Members of Amber Valley Borough Council's planning committee dismissed the firm's outline plans to develop a 6.8 hectare site near the village of Somercotes, citing concerns about highway safety and site contamination.
Officers had advised that the use of a greenfield site outside the village did not accord with the council’s 2006 local plan, which seeks "to resist inappropriate development in the countryside".
The local plan states that planning permission will not be granted outside the built framework of settlements unless development relates to residential extensions, replacement dwellings, or rural-based activities, they said.
However, officers recommended approval on the basis that the relevant local plan policies were judged to be out of date when viewed against the National Planning Policy Framework (NPPF).
A blanket restriction on housing development was "inconsistent" with the NPPF, officers said, citing the framework’s emphasis on the need to increase levels of residential development and a requirement to make provision for rural housing.
While Amber Valley is able to demonstrate a five-year housing land supply, officers advised that the current supply is only 211 homes above the minimum level.
"Following the withdrawal of the submission local plan, there is currently no emerging plan for Amber Valley to make provision to meet housing need, including any unmet need from Derby," officers said.
"The application proposals would therefore contribute towards meeting unmet need."
They added: "The site is considered to be situated in a sustainable location.

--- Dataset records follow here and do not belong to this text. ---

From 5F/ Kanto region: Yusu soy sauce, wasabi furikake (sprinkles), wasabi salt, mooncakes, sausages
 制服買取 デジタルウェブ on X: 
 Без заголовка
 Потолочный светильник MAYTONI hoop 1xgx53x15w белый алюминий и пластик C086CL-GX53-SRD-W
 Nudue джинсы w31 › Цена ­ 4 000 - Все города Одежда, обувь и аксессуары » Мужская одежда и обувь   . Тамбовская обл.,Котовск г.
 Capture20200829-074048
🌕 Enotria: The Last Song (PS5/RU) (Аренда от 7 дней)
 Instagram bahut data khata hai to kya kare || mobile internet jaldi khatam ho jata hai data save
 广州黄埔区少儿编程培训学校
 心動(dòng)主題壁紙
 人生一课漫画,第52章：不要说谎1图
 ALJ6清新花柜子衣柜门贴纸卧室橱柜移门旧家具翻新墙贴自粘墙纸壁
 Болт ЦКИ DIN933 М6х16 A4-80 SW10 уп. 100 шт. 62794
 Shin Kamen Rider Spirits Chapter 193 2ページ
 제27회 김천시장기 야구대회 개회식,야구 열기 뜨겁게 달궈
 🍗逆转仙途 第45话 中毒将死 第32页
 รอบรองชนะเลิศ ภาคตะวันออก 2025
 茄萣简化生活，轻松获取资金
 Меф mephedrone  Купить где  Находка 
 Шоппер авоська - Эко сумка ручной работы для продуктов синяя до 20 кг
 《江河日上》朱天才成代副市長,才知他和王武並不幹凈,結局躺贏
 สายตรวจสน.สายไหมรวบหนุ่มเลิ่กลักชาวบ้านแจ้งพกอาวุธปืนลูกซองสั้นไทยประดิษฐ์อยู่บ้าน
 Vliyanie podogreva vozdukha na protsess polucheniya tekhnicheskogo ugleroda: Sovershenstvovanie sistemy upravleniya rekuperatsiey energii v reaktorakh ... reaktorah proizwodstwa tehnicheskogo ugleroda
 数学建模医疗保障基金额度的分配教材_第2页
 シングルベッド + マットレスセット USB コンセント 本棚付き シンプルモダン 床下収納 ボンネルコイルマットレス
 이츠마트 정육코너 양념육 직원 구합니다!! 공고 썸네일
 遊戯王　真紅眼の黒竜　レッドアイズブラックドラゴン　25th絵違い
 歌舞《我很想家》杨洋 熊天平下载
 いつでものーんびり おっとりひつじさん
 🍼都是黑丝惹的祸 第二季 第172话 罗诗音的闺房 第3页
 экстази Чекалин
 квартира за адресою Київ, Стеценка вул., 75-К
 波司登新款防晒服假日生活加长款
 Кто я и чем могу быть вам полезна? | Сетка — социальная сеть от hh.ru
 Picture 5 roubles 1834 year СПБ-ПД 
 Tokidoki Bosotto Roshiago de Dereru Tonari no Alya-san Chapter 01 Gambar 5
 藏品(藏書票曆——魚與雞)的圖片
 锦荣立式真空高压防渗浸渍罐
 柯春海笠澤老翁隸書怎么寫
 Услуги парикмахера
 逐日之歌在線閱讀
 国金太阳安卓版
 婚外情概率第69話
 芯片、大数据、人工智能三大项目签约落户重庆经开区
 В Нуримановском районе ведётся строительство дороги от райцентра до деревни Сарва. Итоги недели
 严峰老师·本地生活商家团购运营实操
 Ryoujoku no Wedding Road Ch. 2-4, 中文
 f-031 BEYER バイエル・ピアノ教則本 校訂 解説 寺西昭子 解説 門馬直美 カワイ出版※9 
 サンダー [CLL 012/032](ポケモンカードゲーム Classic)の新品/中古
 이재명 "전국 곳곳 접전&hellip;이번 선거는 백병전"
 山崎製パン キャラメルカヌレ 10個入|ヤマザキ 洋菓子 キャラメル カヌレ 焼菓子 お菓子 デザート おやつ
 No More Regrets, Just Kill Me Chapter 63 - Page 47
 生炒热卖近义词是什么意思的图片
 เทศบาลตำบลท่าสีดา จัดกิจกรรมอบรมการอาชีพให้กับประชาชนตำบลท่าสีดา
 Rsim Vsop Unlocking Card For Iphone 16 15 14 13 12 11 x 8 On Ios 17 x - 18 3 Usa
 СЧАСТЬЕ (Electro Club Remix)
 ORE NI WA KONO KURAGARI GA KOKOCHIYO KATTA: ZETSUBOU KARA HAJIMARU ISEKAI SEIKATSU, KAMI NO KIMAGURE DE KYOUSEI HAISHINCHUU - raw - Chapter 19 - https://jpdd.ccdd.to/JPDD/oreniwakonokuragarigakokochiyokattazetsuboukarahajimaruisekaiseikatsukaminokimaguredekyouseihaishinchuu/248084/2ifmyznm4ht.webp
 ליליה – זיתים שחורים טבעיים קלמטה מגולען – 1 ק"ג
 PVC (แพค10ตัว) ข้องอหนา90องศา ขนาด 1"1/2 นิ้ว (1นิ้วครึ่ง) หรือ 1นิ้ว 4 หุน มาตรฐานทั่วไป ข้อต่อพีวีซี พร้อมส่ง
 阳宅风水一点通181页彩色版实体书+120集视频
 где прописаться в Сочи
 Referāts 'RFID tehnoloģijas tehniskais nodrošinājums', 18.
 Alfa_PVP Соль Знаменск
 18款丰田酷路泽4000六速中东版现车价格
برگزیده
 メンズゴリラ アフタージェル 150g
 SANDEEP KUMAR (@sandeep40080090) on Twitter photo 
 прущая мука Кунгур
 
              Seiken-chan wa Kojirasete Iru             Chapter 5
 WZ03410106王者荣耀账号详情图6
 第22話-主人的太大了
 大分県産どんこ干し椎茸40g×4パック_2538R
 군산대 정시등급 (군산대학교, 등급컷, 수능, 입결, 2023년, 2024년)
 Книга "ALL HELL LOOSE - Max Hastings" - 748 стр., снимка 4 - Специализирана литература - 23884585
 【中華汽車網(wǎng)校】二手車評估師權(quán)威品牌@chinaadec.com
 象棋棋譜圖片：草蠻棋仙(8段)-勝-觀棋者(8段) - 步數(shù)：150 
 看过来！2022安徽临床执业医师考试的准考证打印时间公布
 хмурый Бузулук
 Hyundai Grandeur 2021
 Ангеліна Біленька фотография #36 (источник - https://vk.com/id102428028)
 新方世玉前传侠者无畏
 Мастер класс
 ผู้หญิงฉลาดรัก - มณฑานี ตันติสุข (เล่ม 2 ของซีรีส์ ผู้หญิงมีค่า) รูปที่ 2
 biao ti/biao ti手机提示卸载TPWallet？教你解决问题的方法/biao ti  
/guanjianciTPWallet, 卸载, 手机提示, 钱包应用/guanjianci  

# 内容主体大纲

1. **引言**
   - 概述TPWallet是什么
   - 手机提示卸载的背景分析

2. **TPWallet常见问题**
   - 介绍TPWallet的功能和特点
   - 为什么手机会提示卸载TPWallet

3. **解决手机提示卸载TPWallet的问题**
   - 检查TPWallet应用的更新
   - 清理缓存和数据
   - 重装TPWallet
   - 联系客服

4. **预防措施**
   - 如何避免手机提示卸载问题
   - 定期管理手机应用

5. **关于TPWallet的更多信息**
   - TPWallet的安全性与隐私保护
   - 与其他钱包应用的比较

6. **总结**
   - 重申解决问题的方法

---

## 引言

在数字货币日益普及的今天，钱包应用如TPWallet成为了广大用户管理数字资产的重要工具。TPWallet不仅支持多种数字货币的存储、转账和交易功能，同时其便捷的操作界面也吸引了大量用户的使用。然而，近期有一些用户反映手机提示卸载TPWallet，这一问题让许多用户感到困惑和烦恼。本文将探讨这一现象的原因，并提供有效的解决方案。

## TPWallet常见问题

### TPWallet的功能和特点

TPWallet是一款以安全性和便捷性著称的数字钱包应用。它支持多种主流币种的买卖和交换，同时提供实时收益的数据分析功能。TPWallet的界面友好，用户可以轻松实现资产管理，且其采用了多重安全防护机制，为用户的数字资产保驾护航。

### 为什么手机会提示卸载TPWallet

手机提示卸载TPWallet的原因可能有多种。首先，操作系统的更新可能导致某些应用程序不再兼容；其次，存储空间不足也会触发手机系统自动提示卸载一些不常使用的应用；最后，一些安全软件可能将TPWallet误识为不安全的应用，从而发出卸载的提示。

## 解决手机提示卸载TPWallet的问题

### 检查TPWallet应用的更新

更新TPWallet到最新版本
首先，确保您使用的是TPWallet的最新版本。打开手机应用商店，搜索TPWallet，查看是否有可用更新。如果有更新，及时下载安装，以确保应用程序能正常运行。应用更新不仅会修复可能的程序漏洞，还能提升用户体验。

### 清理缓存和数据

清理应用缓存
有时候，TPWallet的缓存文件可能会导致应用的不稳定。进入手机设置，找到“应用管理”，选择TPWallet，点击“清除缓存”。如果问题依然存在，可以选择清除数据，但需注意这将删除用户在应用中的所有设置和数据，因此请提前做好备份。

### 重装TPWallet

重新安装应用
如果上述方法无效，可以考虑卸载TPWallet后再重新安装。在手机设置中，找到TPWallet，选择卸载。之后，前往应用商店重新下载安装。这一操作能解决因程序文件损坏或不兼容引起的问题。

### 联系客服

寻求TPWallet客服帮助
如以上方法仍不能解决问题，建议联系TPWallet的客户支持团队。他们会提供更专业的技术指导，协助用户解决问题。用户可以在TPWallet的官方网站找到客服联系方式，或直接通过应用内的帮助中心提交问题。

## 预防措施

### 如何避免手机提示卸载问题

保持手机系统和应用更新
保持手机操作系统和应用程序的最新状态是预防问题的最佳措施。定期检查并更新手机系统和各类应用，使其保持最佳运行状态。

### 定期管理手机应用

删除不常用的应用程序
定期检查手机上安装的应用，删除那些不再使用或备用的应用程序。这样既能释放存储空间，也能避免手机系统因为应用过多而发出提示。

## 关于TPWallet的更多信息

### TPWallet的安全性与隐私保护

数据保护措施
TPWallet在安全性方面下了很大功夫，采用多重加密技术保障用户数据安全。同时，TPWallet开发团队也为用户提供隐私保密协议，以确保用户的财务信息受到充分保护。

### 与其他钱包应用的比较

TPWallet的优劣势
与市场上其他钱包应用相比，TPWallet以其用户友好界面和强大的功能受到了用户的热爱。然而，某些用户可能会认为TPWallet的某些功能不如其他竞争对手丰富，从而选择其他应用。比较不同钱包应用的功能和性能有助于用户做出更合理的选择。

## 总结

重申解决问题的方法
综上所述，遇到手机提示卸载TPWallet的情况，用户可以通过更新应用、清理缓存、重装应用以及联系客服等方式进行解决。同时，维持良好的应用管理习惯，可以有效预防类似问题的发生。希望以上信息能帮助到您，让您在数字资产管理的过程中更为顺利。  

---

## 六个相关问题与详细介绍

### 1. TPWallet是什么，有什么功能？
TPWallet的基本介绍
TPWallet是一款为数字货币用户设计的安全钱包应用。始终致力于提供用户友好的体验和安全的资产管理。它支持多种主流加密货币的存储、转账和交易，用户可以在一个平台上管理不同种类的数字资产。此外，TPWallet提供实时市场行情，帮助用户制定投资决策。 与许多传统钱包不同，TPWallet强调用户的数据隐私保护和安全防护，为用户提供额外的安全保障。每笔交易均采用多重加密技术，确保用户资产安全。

It is well related to the built form with good access to local services and facilities."
The plans were opposed by Somercotes Parish Council, which objected to a likely increase in traffic caused by the development. Local residents lodged 21 letters of objection and one neutral representation, the report said.
Last week, Gladman was refused consent for 200 homes on an unallocated site in North Yorkshire after officers advised that the proposal was contrary to local planning policy and "unacceptable on its planning merits".
Last month, a planning inspector cited concerns over traffic flows to refuse permission for a 240-home Gladman scheme on an unallocated greenfield site in Nottinghamshire.
Also last month, a planning inspector dismissed an appeal by Gladman against a council's refusal for a 420-home development, despite the local authority lacking a five-year housing land supply.